Acte privé ou semi-public auquel le notaire ou le tabellion seigneurial (Amtschreiber) confèrent, du fait de leur statut d’officiers publics, authenticité juridique, valeur légale et garantie d’exécution. Revêtant une forme réglementée, il est établi à l’intention des individus ou de la cellule familiale considérée comme une association d’intérêts. Il comprend en général l’énumération des biens, achetés, hérités ou apportés en dot, que le défunt laisse à ses héritiers, accompagnée d’une description sommaire (Inventarium und Beschreibung), et la mention des partages en fonction des règles successorales en usage (d’où le terme de Teilungsregister) avec, fréquemment, la retranscription du contrat de mariage antérieur. Selon l’importance du patrimoine à transmettre, il prend la forme d’une ou de plusieurs feuilles volantes, d’un cahier ou d’un registre pouvant atteindre des dizaines, voire des centaines de pages manuscrites. Remontant au XVIe siècle, la pratique se développe à la fin du XVIIe et au cours du XVIIIe siècle au point de fournir à l’historien une précieuse source d’informations, car l’Alsace se caractérise, au-delà des villes elles-mêmes, par la densité exceptionnelle des inventaires après décès qui concernent jusqu’aux villages les plus reculés, ce qui rend souvent nécessaire le recours aux registres de contrôle des actes, s’ils existent, et à l’ouvrage de J.-F. Lobstein (Manuel du Notariat en Alsace…, Strasbourg, 1844), ancien mais toujours utile. C’est en effet l’encadrement seigneurial par bailliages qui explique un tel quadrillage. La massivité de la documentation, exploitée de façon qualitative ou quantitative, n’a en effet de comparable que celle des testaments et des contrats de mariage. Leur conservation est tributaire des habitudes notariales, encore que la loi de 1979 fasse obligation aux notaires de déposer les actes en leur possession dans les archives publiques.

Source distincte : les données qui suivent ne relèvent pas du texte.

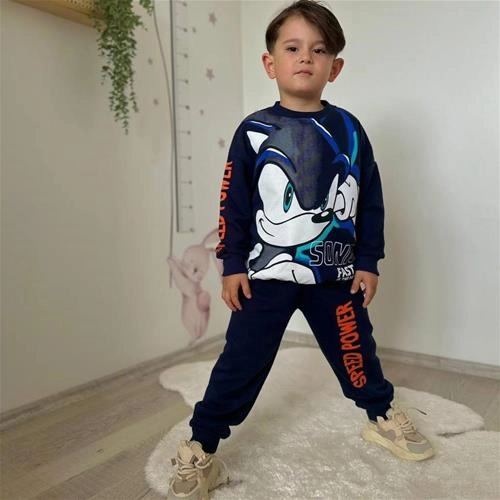 ست  پسرانه توکرک طرح سونیک ترک کد1410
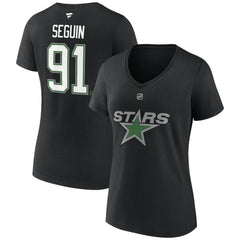 NHL Tyler Seguin Dallas Stars Fanatics Women's Special Edition 2.0 Name & Number V-Neck T-Shirt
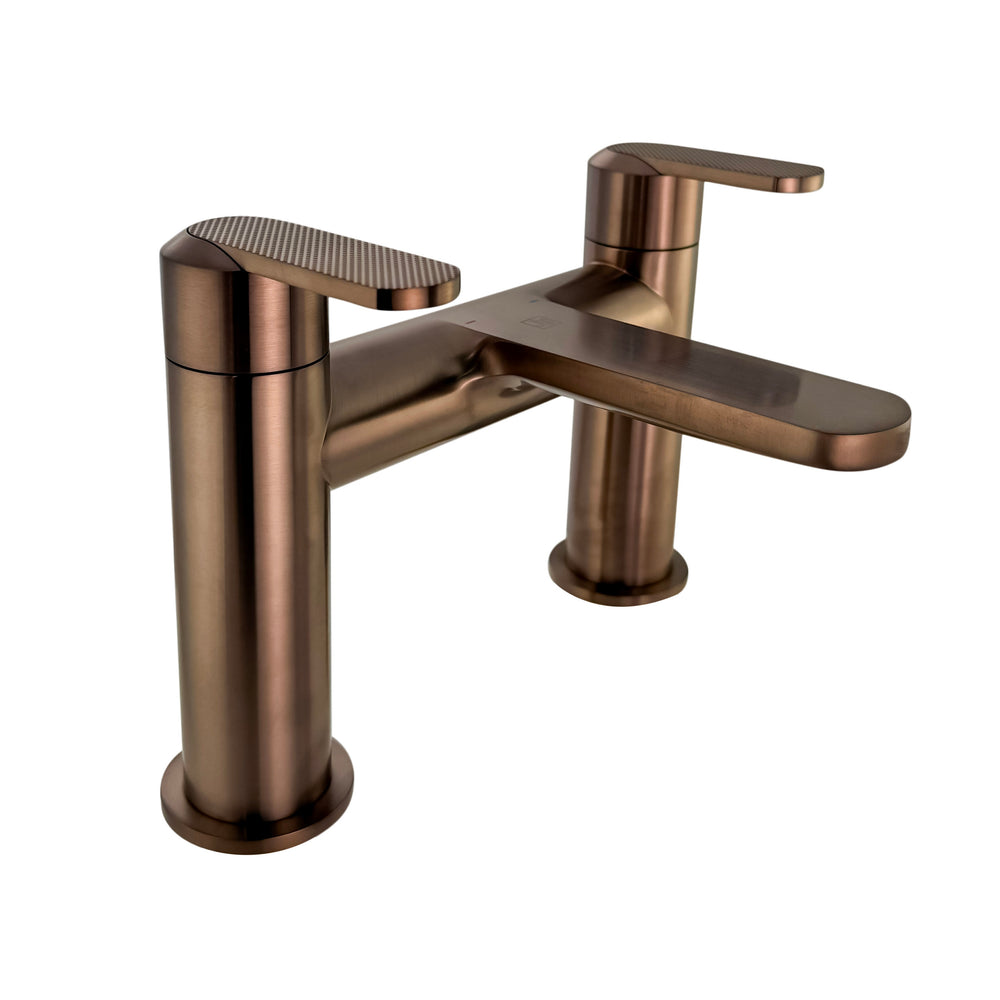 JTP NEO Deck Mounted Bath Filler in Brushed Bronze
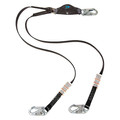 Msa Safety Shock Absorbing Lanyard, Twin Leg, 6 ft., S, Features: Anti-Corrosion 10207253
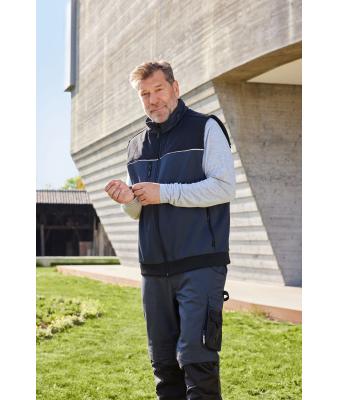 Unisex Hybrid Workwear Vest Carbon/black 11485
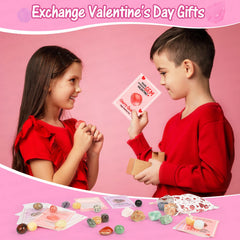 JELMOK unique party favors cards pair stones with notes.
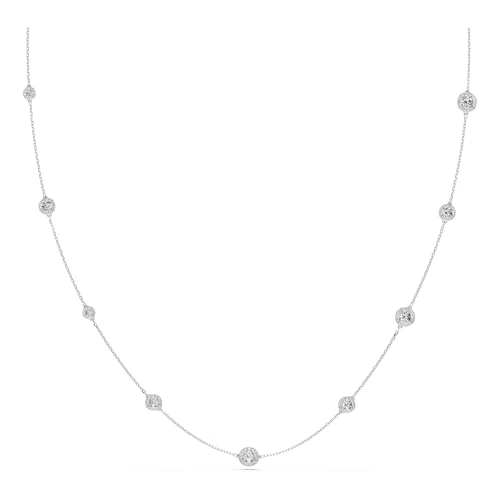 Oferta limitada: Swarovski Collar Una Angelic, Bañada en Rodio con Motivos de Doble Cara, con Opción de Darle la Vuelta al Accesorio para Mostrar una Presentación Diferente de Cristales en talla Redonda, Blanco de 250.00 EUR a 162.50 EUR (ahorro 35%)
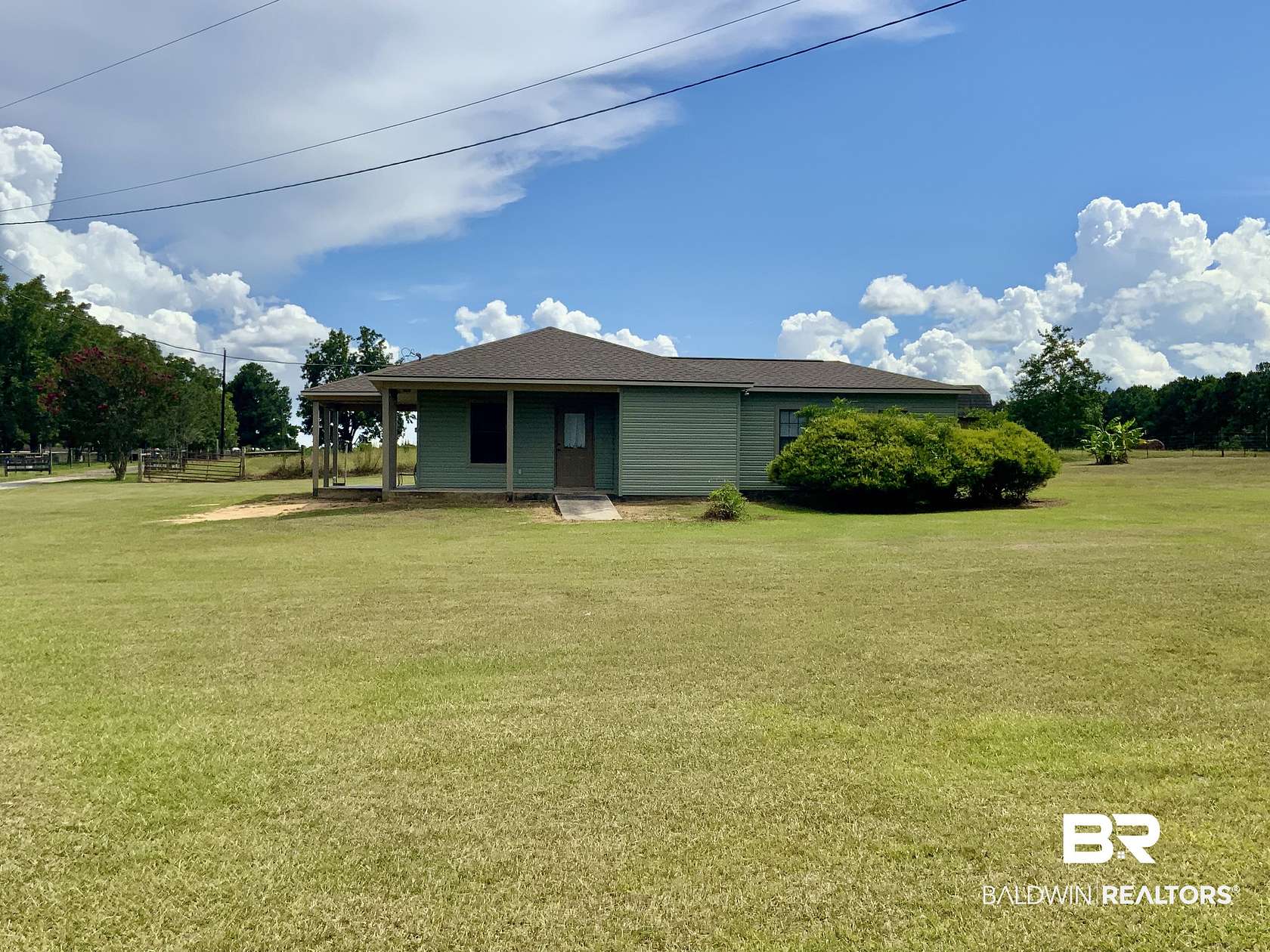 18 Acres of Land with Home for Sale in Perdido, Alabama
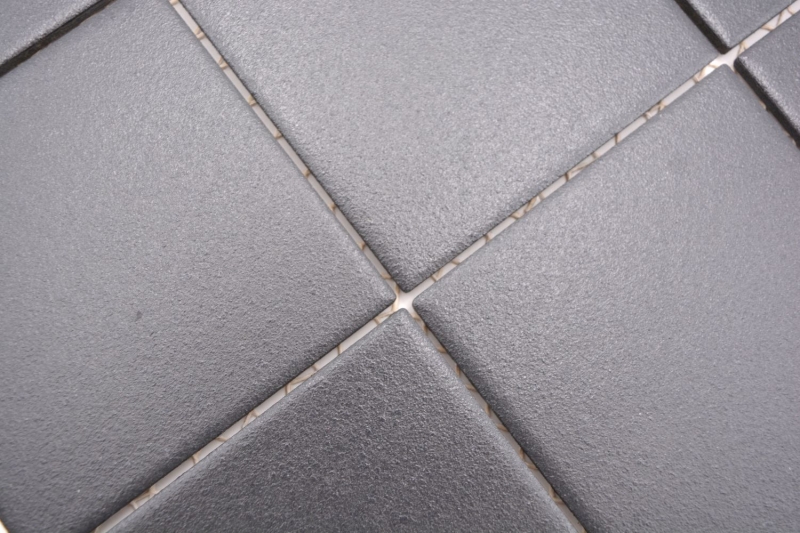 Campione a mano di piastrelle di mosaico in ceramica grigio nero piatto doccia piastrella per pavimento MOS22-0302-R10_m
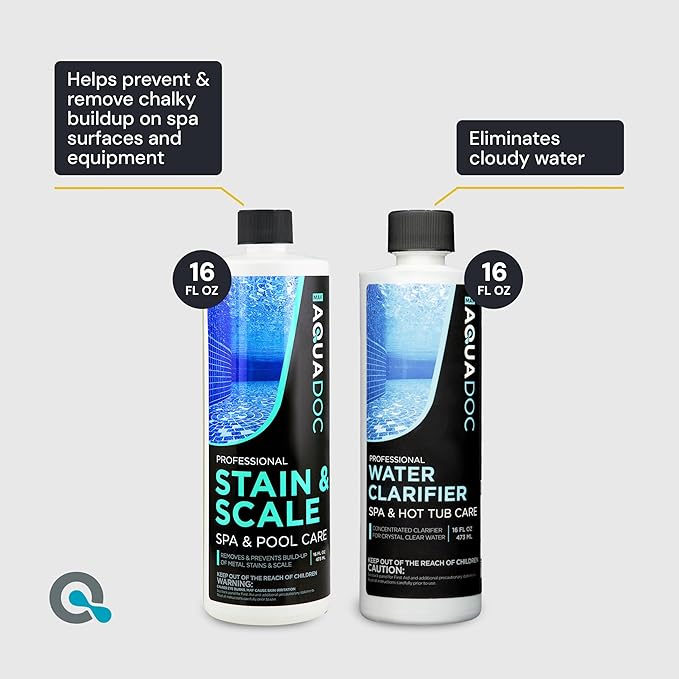 Hot Tub Chemicals Starter Kit - Chlorine Spa Starter Kit Chemicals for Hot Tub - Convenient Hot Tub Starter Kit & ph Control Kit - Effective Chlorine pH Balancer & Inflatable Hot Tub Chemical Kit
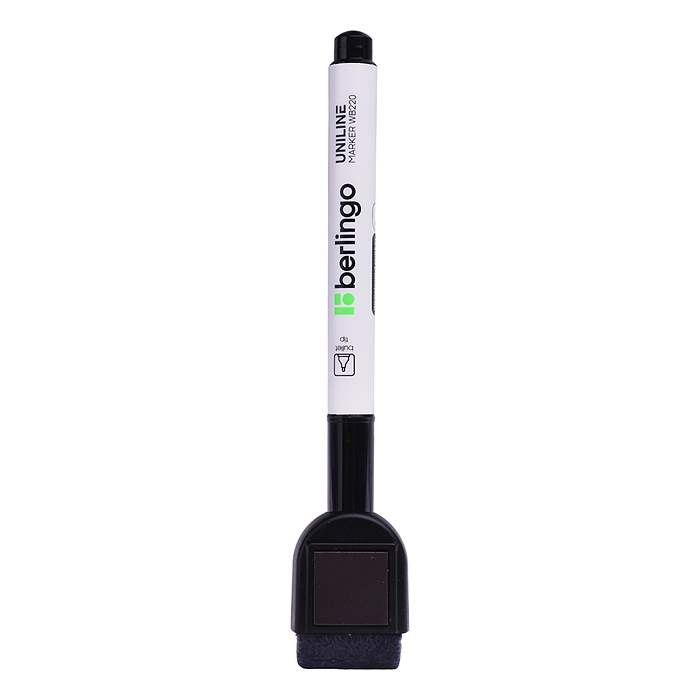 Фото к товару Маркер для белых досок на магните "Uniline WB220" черный, пулевидный, 2мм Маркер для белых досок на магните "Uniline WB220" черный, пулевидный, 2мм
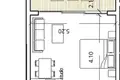 Kawalerka 1 pokój 53 m² Yeroskipou, Cypr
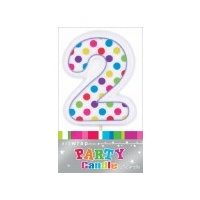Polka Dot Candle Number 2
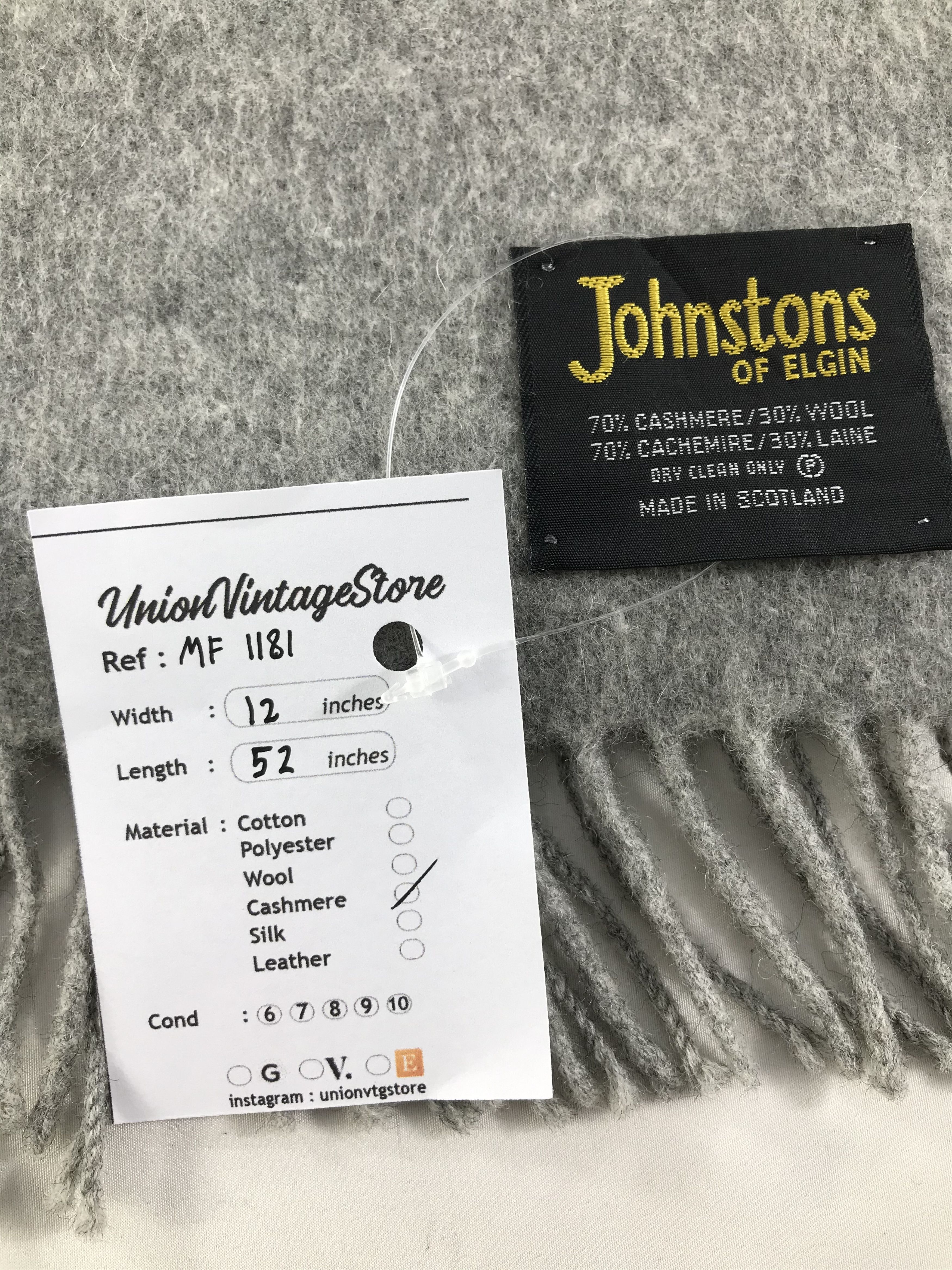 Johnstons Of Elgin Vintage Johnstons of Elgin Scarf/Muffler/Neckwear MF1181 Size ONE SIZE - 4 Thumbnail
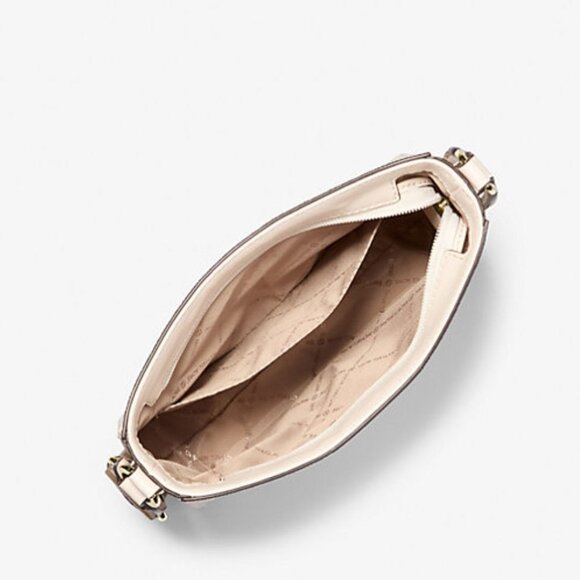 NEW Michael Kors Jet Set Travel Small Messenger Crossbody Bag Pale Gold Purse - Picture 5 of 7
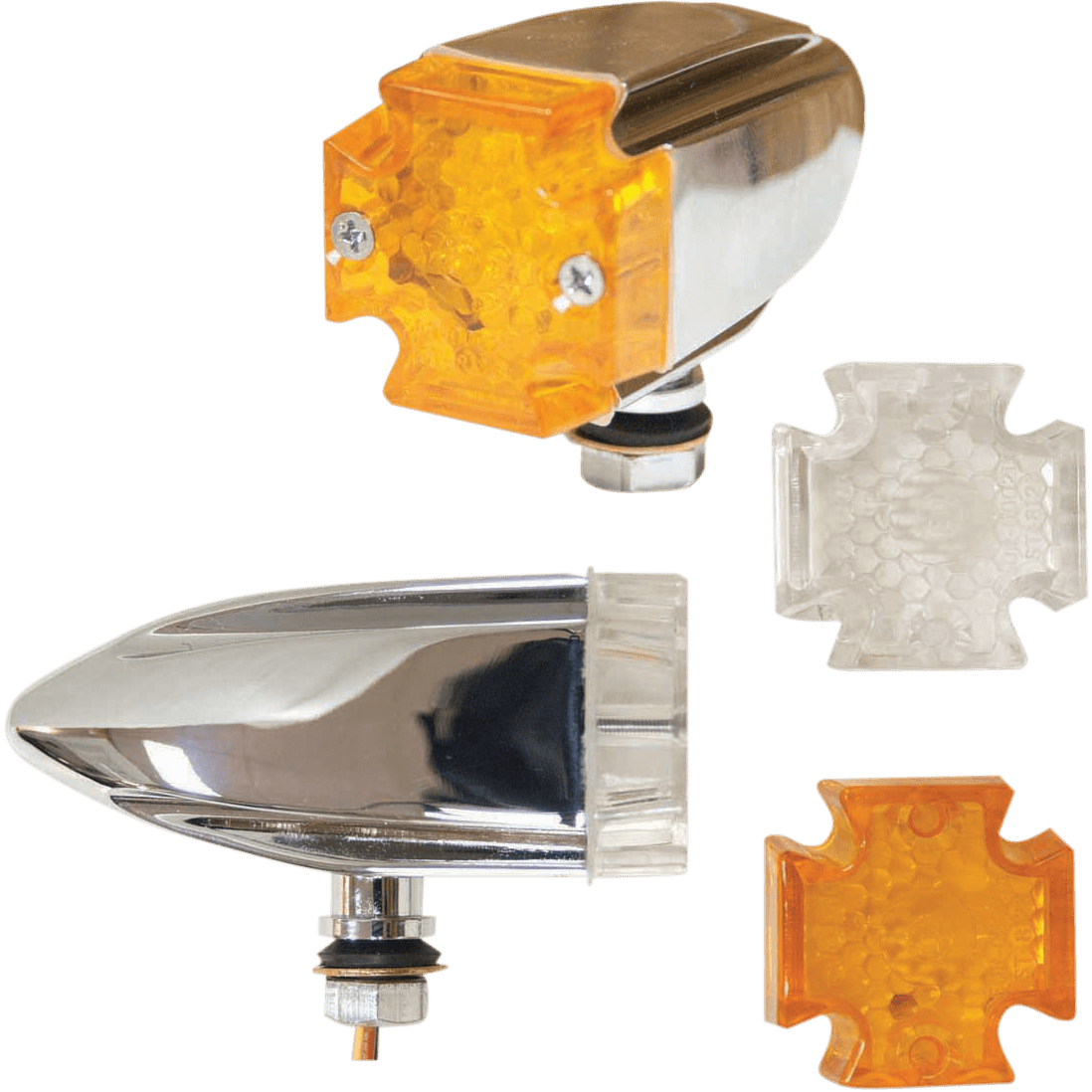 EMGO LED Maltese Deco Lights Amber and Clear Lens 6199150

C’est accessoirement que les inventaires après décès apportent leur caution aux registres paroissiaux et que les renseignements qu’ils renferment constituent un utile complément pour l’histoire démographique, puisqu’ils indiquent nominativement la composition du « feu » et autorisent par conséquent l’établissement des liens de parenté entre contractants ainsi que la reconstitution des familles, particulièrement précieuse dans deux cas de figure : du fait de l’absence des registres paroissiaux (Strasbourg), avec lesquels la confrontation s’avère d’habitude utile (essentiellement en ce qui concerne la mortalité adulte) ; pour le repérage, au bonheur des généalogistes, des membres de la famille ayant quitté le foyer paternel (mariage, exode rural, émigration) et ayant par conséquent échappé à la plupart des registres paroissiaux.

Les principales informations sont d’ordre économique grâce à la perception de la cellule de production, qu’il s’agisse de l’exploitation agricole, de l’atelier artisanal ou de la boutique urbaine : propriété foncière ou modes d’affermage ; systèmes de culture et types d’assolement ; avances apportées à la terre en semences, fumure et forces de travail ; état provisoire, selon la saison, des récoltes sur pied et des réserves à la cave ou au grenier ; stock des denrées ou des marchandises disponibles pour la consommation ou la vente. C’est que le notaire se transporte sur les lieux pour faire le relevé le plus fidèle possible de la situation, le plus souvent pièce par pièce et emplacement par emplacement. Ces éléments sont susceptibles de dégager un véritable bilan économique (actif et passif), d’autant plus que sont indiquées les créances ou dettes actives (Schulden in das Erb) et les dettes passives (Schulden aus dem Erb).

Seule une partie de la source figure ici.